The Markov blanket of a node in a Bayesian network corresponds to a set of features that have high predictive power together. Specifically, the Markov blanket of a node is the set of nodes that shield the node from the rest of the network. Thus, nodes in a Markov blanket will likely predict the behavior of the node of interest. This property is very useful to identify a succinct set of features or variables highly associated with the feature-of-interest. The Markov blanket has been utilized in identifying the most critical genes towards the development of astrocytic tumors from a significant set of meta-analysis genes [22] and single nucleotide polymorphism (SNP) biomarkers significantly associated with Alzheimer’s disease [23]. Markov blanket property along with the Tabu search algorithm has been used to predict postoperative morbidity of heart disease [24].

Our contributions in this paper are the following. We evaluate our three-stage framework for predictive analysis with Bayesian networks, on one of the largest datasets developed for PU predictive analysis, which includes 86 medication, diagnosis, and Braden features extracted from the EHRs of 7,717 ICU patients. We evaluate multiple runs of all combinations of four search algorithms, two prior structure initializations, two scoring functions, and five sets of features, and find that the best combination gives Bayesian networks with an average AUC of 0.827, which is comparable to the best classical machine learning models from our previous study [6]. We visualize a representative Bayesian network and use the Markov blanket property to identify several known and several suspected high risk factors associated with PU incidence. Our clinician collaborators used this information to identify strong relationships between risk factors widely recognized as associated with pressure ulcers.

For our data the Bayesian network based approach yields models with much higher sensitivity than the classical machine learning models (average sensitivity increased to 0.455 from 0.160). Meanwhile, there is only a slight sacrifice in specificity (average specificity is 0.908 versus 0.990) and no significant difference in overall accuracy (measured in AUC). Given the strong adverse impact of PU on patients and high cost for treating PU compared to taking preventive measures, high sensitivity of the model is preferred, because patients likely to contract PUs are likely to be predicted positive.

In summary, we demonstrate that Bayesian network method is a powerful tool in inferring predictive models for syndromes such as PU from complex clinical data. Not only can it lead to high sensitivity models, but it also enables development of new hypotheses on potential risk factors.

Methods

Dataset

The settings of this study are three adult ICUs at The Ohio State University Wexner Medical Center (OSUWMC).
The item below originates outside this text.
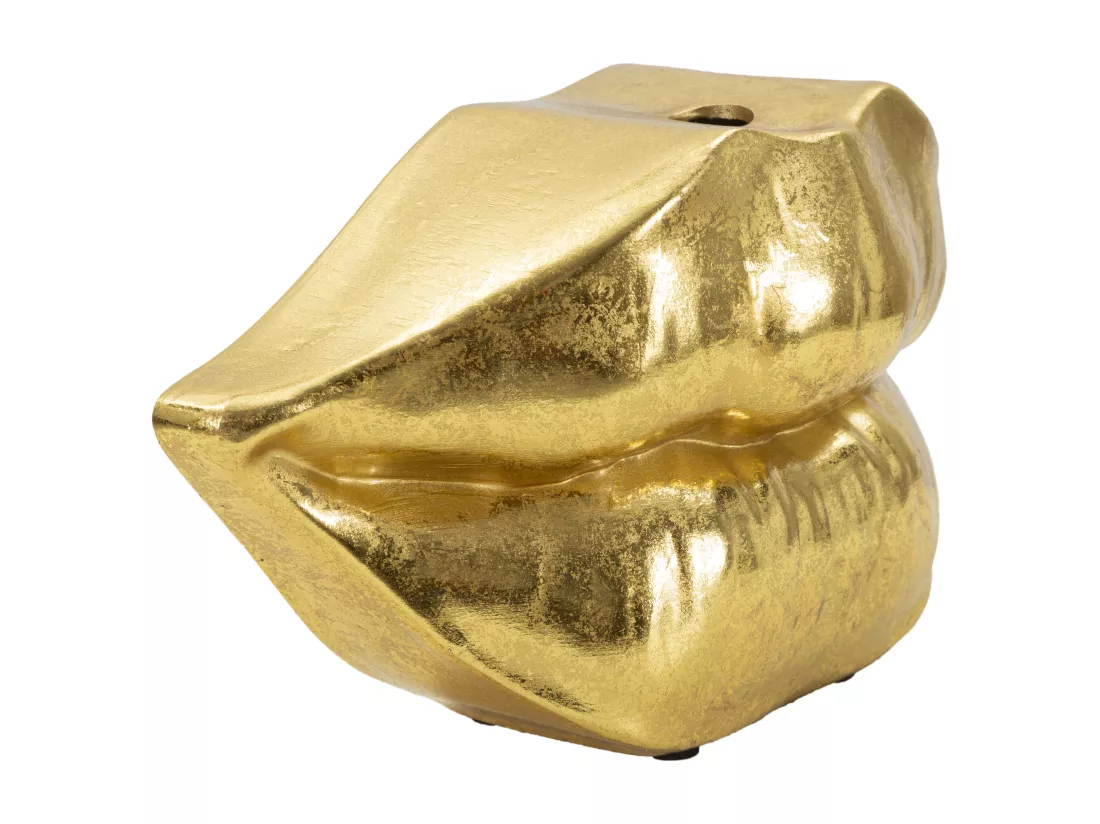 Vase en résine dorée en forme de lèvres 23x8x12 cm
OSUWMC serves as a major referral center for patients from the entire state of Ohio and throughout the Midwest. The ICUs include 83 beds in total, admitting approximately 3,800 patients annually.
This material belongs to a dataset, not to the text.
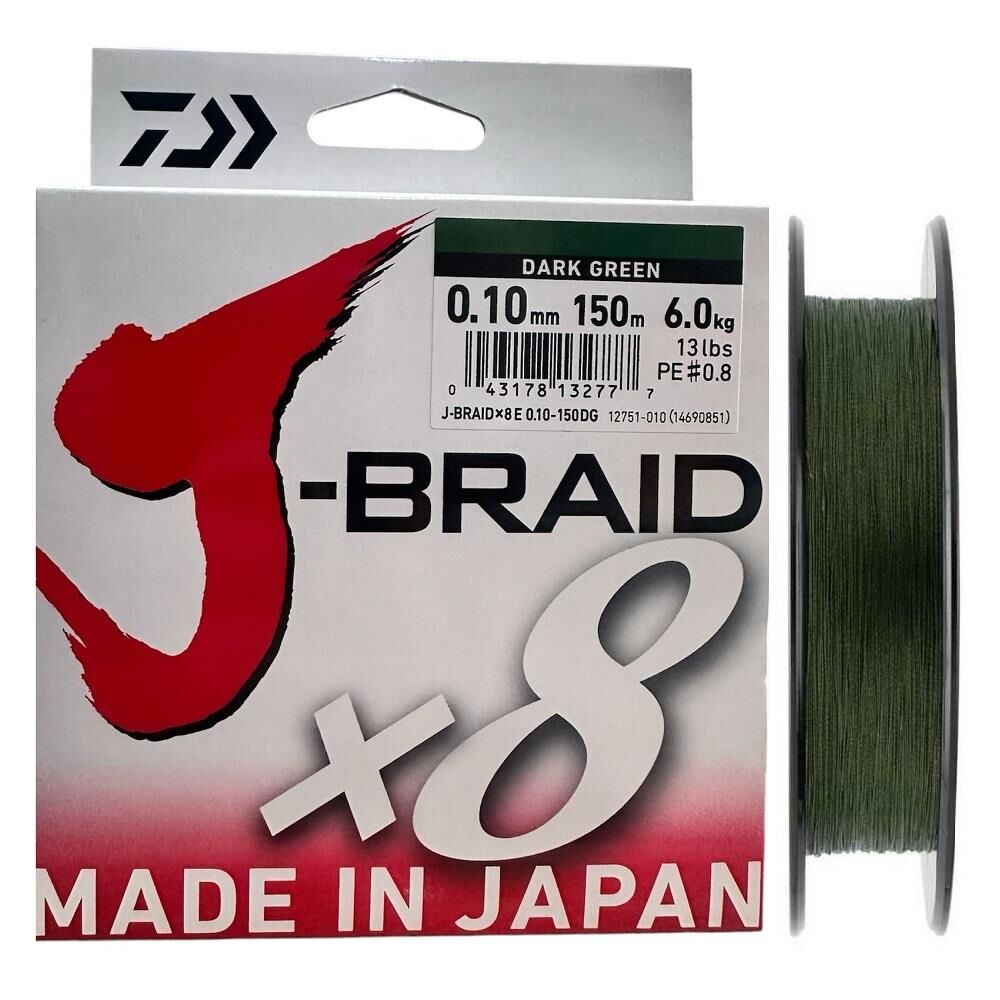 Daiwa J-Braid 8X Dark Green 150 mt 0.10 mm İp Misina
Essentris© is the commercial system used for documentation in all ICUs at the medical center. Patient data entered into Essentris© are eventually transferred to the information warehouse (IW). The IW compiles EHR data from the various electronic records systems throughout OSUWMC, namely, an administrative system (ADT©), a laboratory system, a computerized provider order entry (CPOE) system, and a billing system. Figure 1 shows the study procedure. Specific details will be described in the following sections.

Fig. 1
figure 1

The workflow employed in this study includes modules to conduct data acquisition, data preparation, variable selection, construction of a Bayesian network, and model prediction

Data extraction

Patients (age ≥ 18) admitted to ICUs between January 1, 2007 and December 31, 2010 comprise the sample set. Institutional Review Board (IRB) approval was obtained in 2010 for the data extraction. Data were de-identified and supplied by IW staff. Patients developing a PU are identified by reviewing discharge diagnoses appropriately coded with the International Classification of Diseases (ICD)-9 codes [25] as one of the fields in EHR system. For instance, if a patient had an ICD-9 code, 707.07 (Pressure ulcer, Heel), the patient is included in the PU group. On the other hand, if a patient does not have any of the ICD-9 codes indicating PUs, the patient is included in the non-PU group.

Data cleaning and preparation

Data cleaning and preparation processes include several steps. First, patients who are afflicted with a PU at the time of admission are excluded. In addition, patients whose ICU stay is shorter than 36 hours are excluded since PUs generally develop after 3 days of admission [26]. Second, if a patient had multiple hospitalizations during the study period, only the first hospitalization record is included. Similarly, if a patient has more than one ICU admission record during the hospitalization, only the first ICU admission record is included for analysis. This is because our objective is to find risk factors of patients who have the first incidence of PUs during their ICU stay. Patients who suffer from the onset of PUs at the time of admission are excluded as they may have previously been exposed to unknown risk factors for which we have no data. This patient selection process is consistent with practices in our previous studies [5, 6].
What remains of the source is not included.